Derrick Nunnally reports that the Lower Merion School District IT coordinator is firing back against Harriton High School sophomore Blake Robbins’ lawsuit.
Even in his own home, the Harriton High School sophomore had “no legitimate expectation of privacy” from the camera on his school-issued laptop, information systems coordinator Carol Cafiero contended in a court filing on Tuesday.
Cafiero – who is on paid leave while the district investigates the laptop controversy – claimed Robbins lost any legal protection from the Web-camera security system when he took a school laptop home without permission.
Robbins had previously broken “at least two” school computers and did not pay the insurance fee required to get permission to take home the Apple MacBook that later snapped his pictures, Cafiero’s attorney, Charles Mandracchia, wrote in the filing.
“When you’re in the home, you should have a legitimate expectation of privacy,” Mandracchia said in an interview. “But if you’re taking something without permission, how can you cry foul when you shouldn’t have it anyway?”
Read more on Philly.com.
Okay, assuming for the moment that that’s correct,what about other people in the home who do have a reasonable expectation of privacy and may have been caught on camera?

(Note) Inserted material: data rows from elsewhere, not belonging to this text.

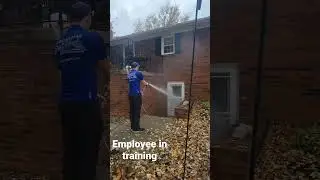 Pressure wash employee in training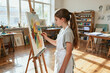 © fanjianhua - A focused teenage female artist in a white apron creates an abstract oil painting on a canvas mounted on an easel inside a bright art studio.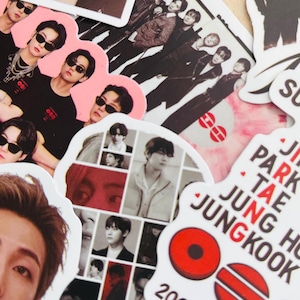 May include: A collection of die-cut stickers featuring various photographic portraits of a group of young men, some wearing sunglasses, alongside a white sticker with red circular icons and the text JIN PARK TAE JUNG HO JUNGKOOK 2026. 03.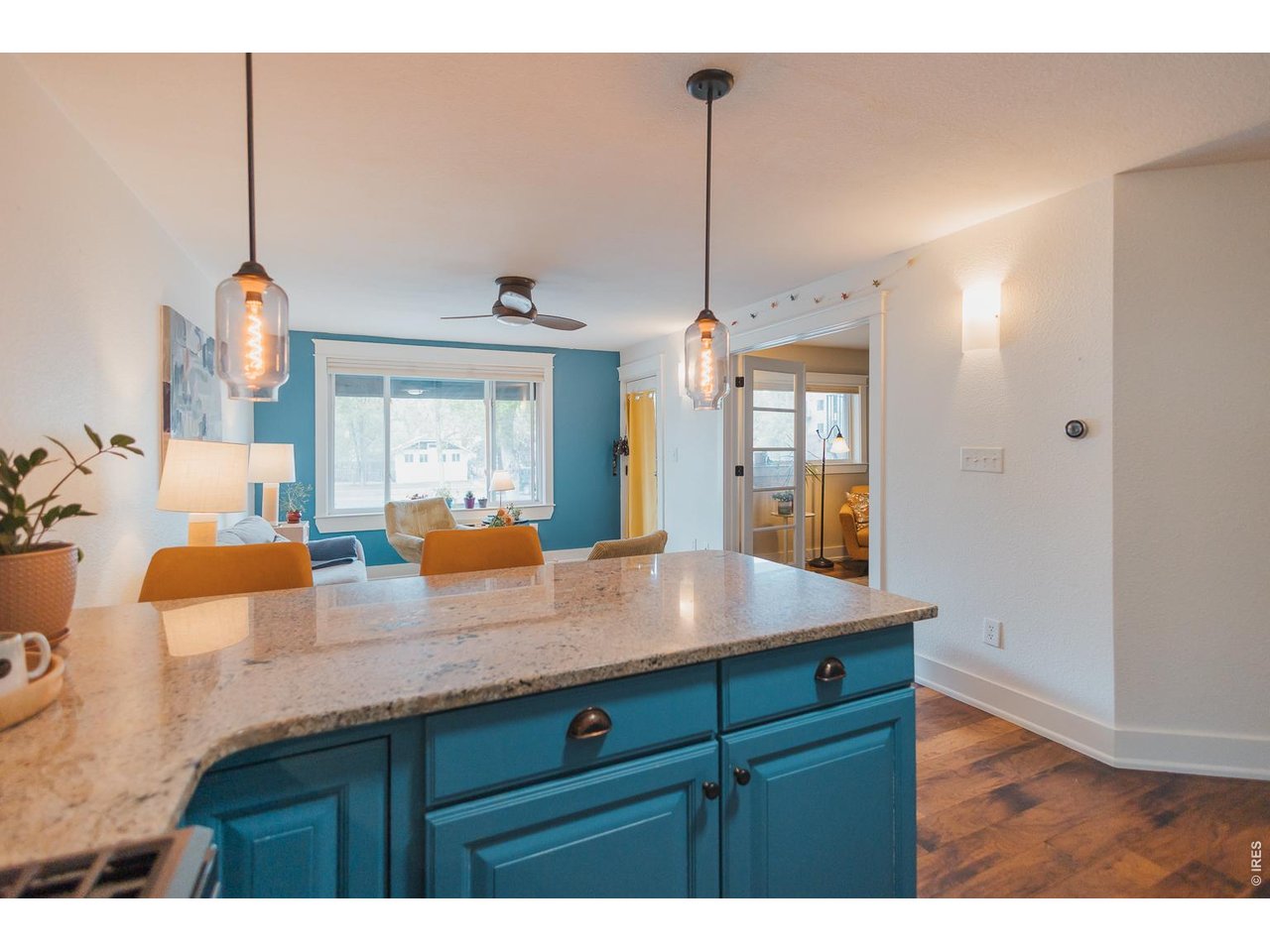 233 North Meldrum Street Fort Collins, CO 80521 - Photo 12 of 46 a view of kitchen with cabinets and wooden floor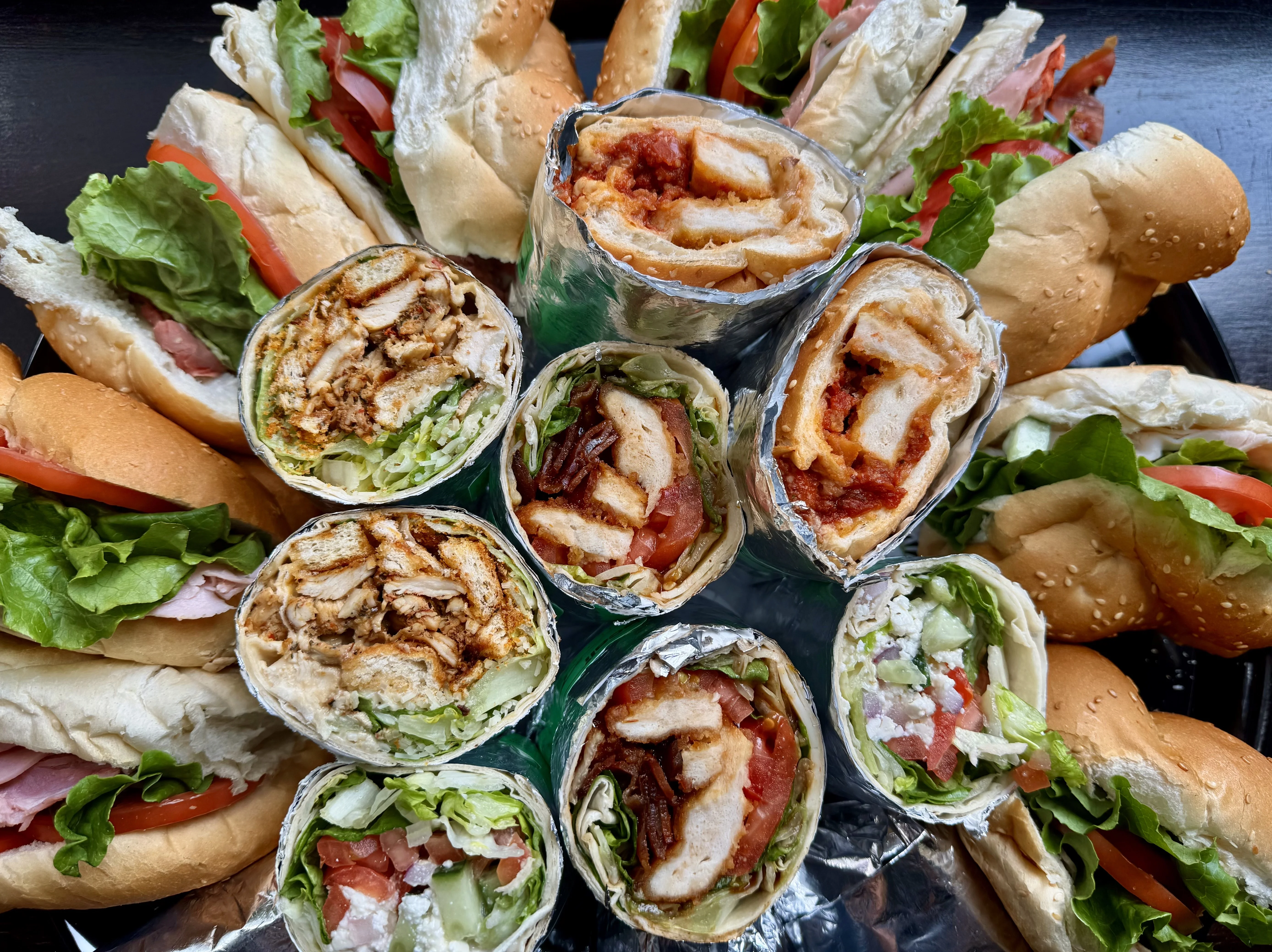 Assorted wraps and sandwiches on a platter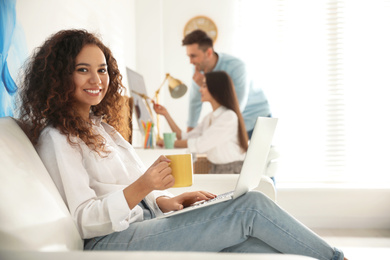 Photo of Professional designer working with laptop in modern office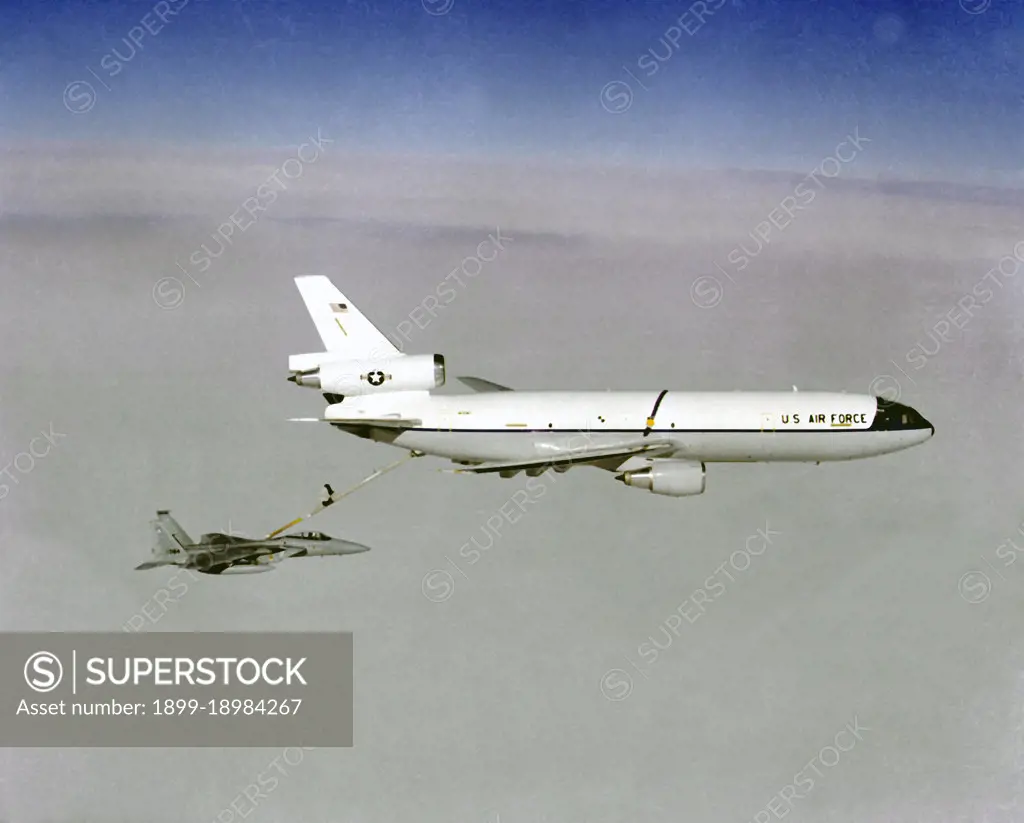 Air-to-air right side view of a KC-10A Extender aircraft refueling an F-15A Eagle aircraft.. 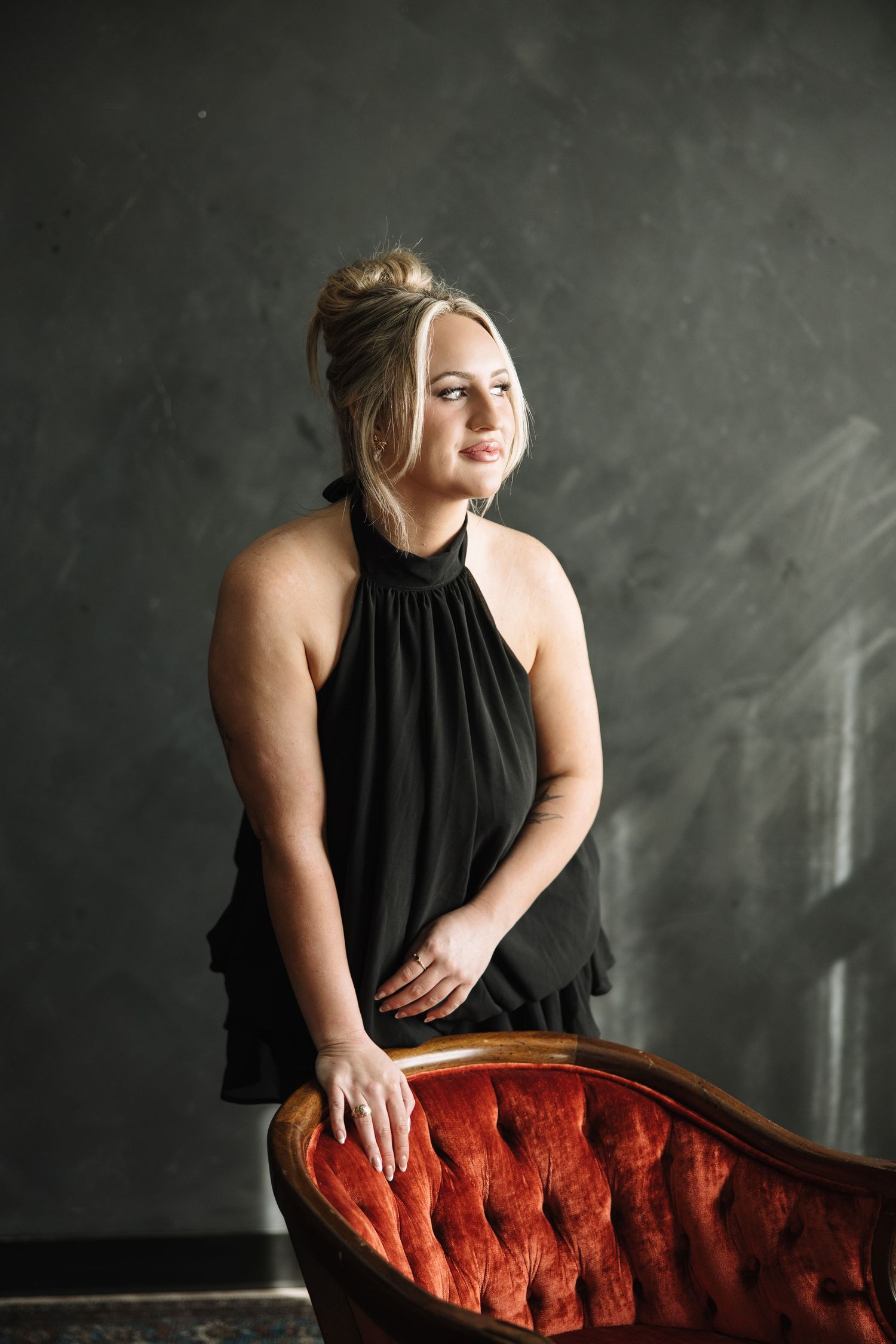 A moody portrait session against a dark background featuring a black sleeveless top and red velvet chaise lounge.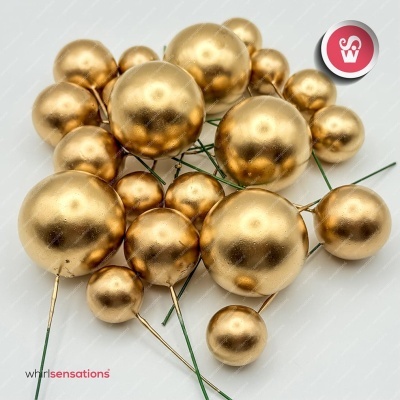 Esferas decorativas douradas com arames verdes sobre fundo branco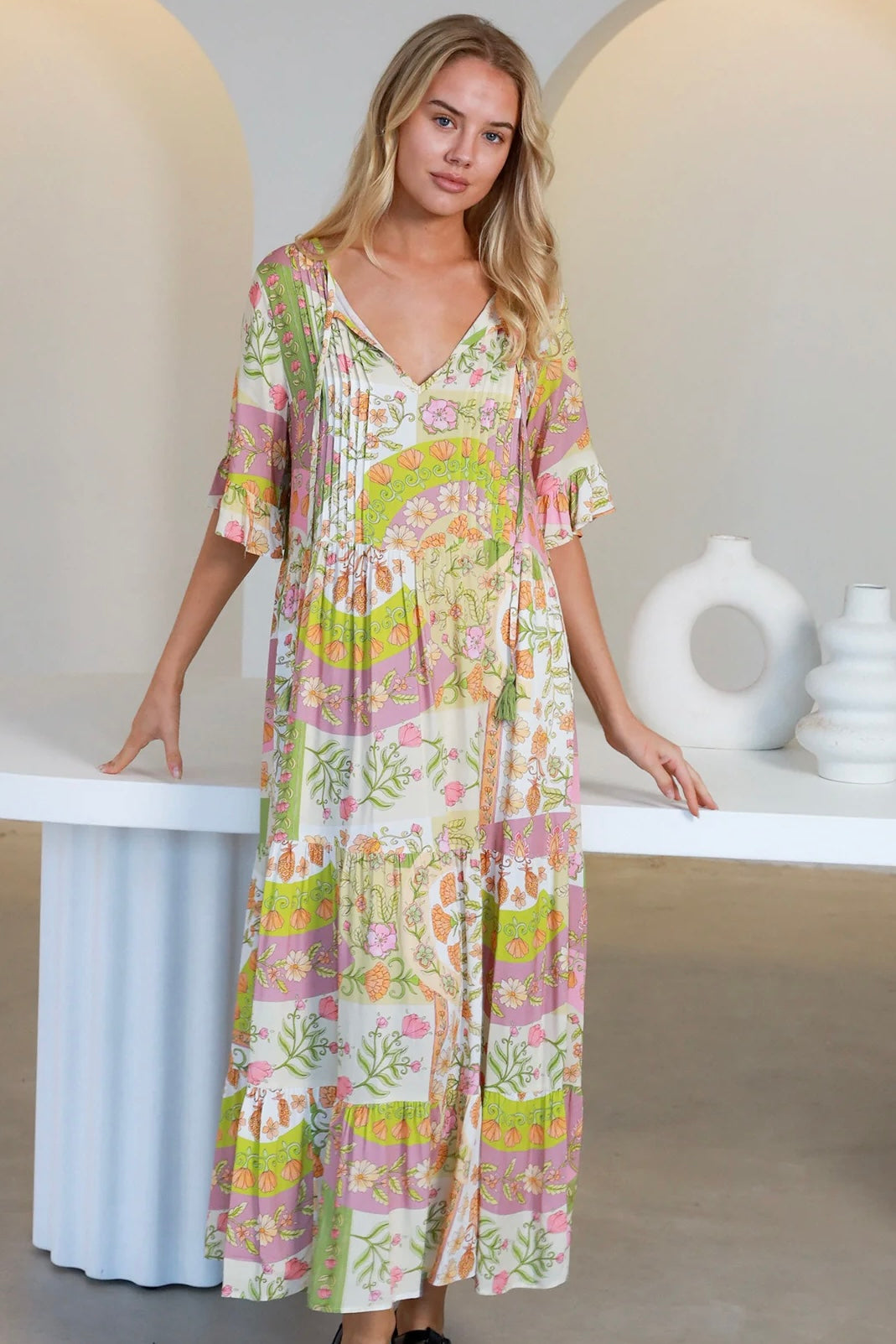 “Woman in vintage floral boho midi-maxi dress with tassel ties, frilled sleeves and tiered skirt – boho midi dresses Australia”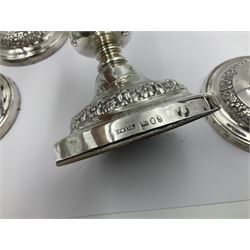 Four George III silver candlesticks, each upon knopped stem and weighted circular stepped foot, the foot and removable sconce repousse decorated with a band of flower heads, hallmarked to sconce and foot Thomas & John Settle, Sheffield 1820, H17.5cm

And if the district really thought it was lost/stolen, why didn’t they contact him and turn off the webcam after the very first pictures showing him using it? In other reporting on the case, Richard Ilgenfritz notes:
Haltzman believes there could be more images of his client than the more than 400 the district told him it recovered.
“In fact, as to Blake Robbins, the LANrev spying technology was activated from Oct. 20 through Nov. 4 but the 430 images recovered were only for the first eight days. LMSD [the Lower Merion School District] has yet to account for the images taken from Blake Robbins’ computer for seven days.”
This case is shaping up to become a lot nastier and more complicated with each new round of accusations.